◆ Exercise data ◆
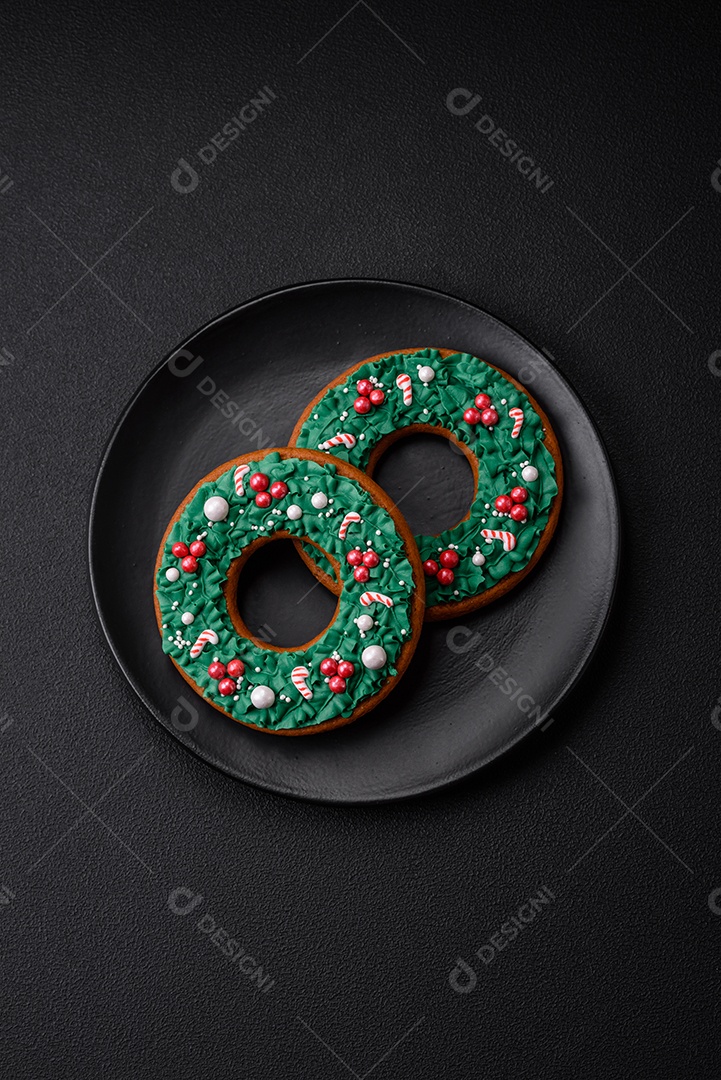 Delicioso pão de gengibre de Natal em um fundo textural escuro. Preparando-se para celebrar o Natal e o Ano Novo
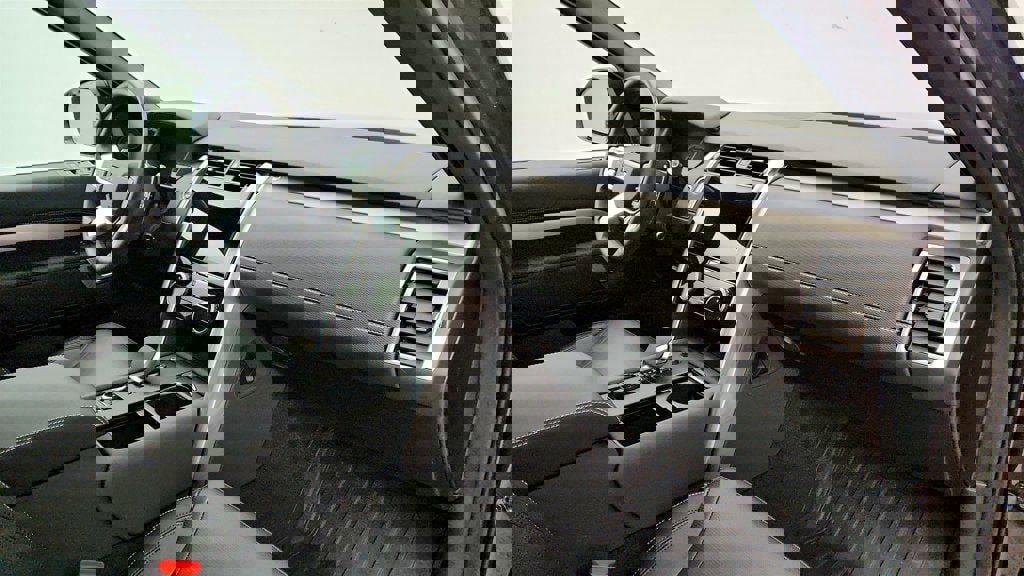 Used 2024 Land Rover Discovery Dynamic SE image 26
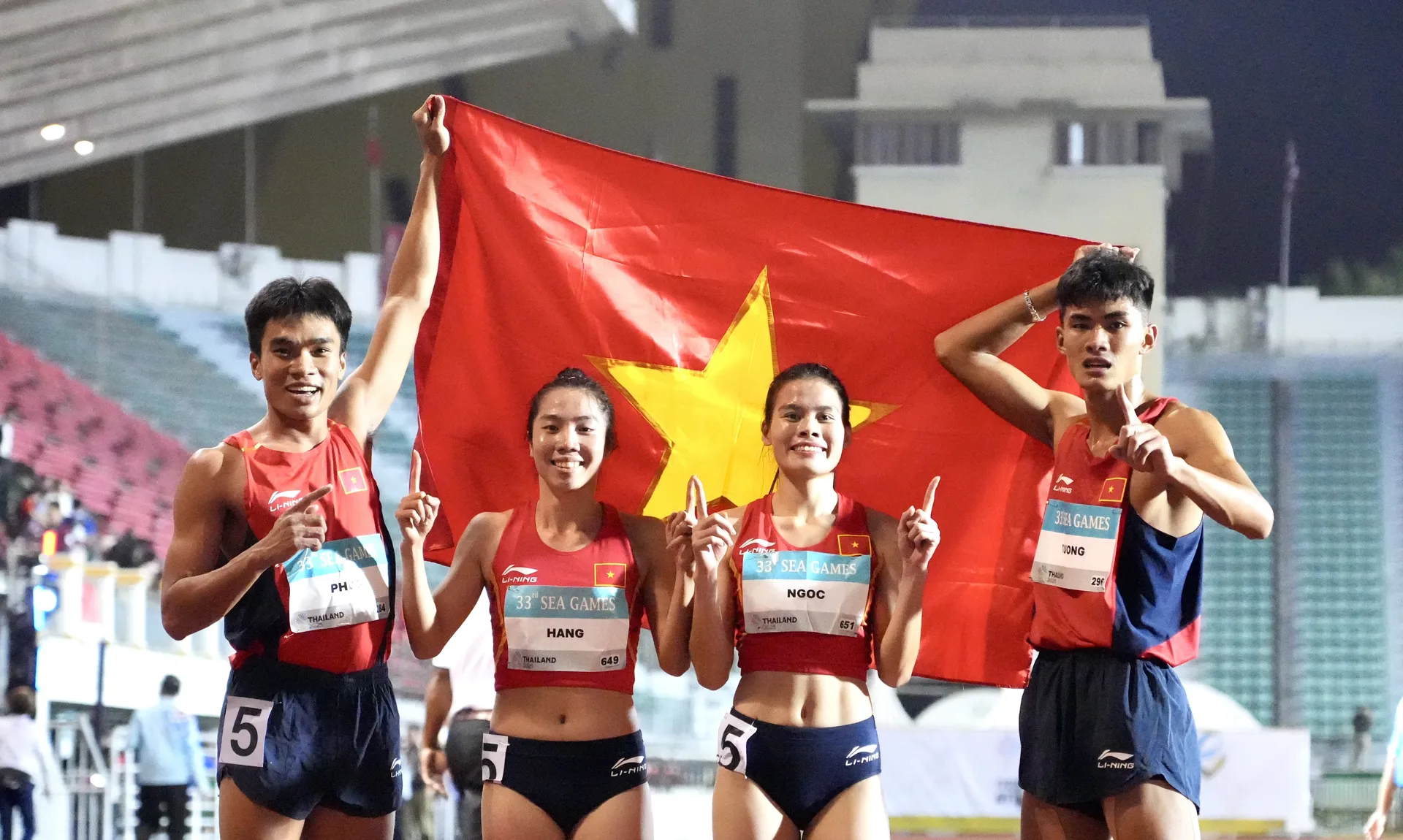 Kết quả SEA Games 33 ngày 13/12: điền kinh phá kỷ lục nội dung 4x400m nam nữ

◆ Aim of the exercise ◆
Starting at the line that holds "Used 2024 Land", repeat every line through the end of the listing exactly as written, skipping any picture.

◆ Result of this exercise ◆
 Used 2024 Land Rover Discovery Dynamic SE image 26
 Kết quả SEA Games 33 ngày 13/12: điền kinh phá kỷ lục nội dung 4x400m nam nữ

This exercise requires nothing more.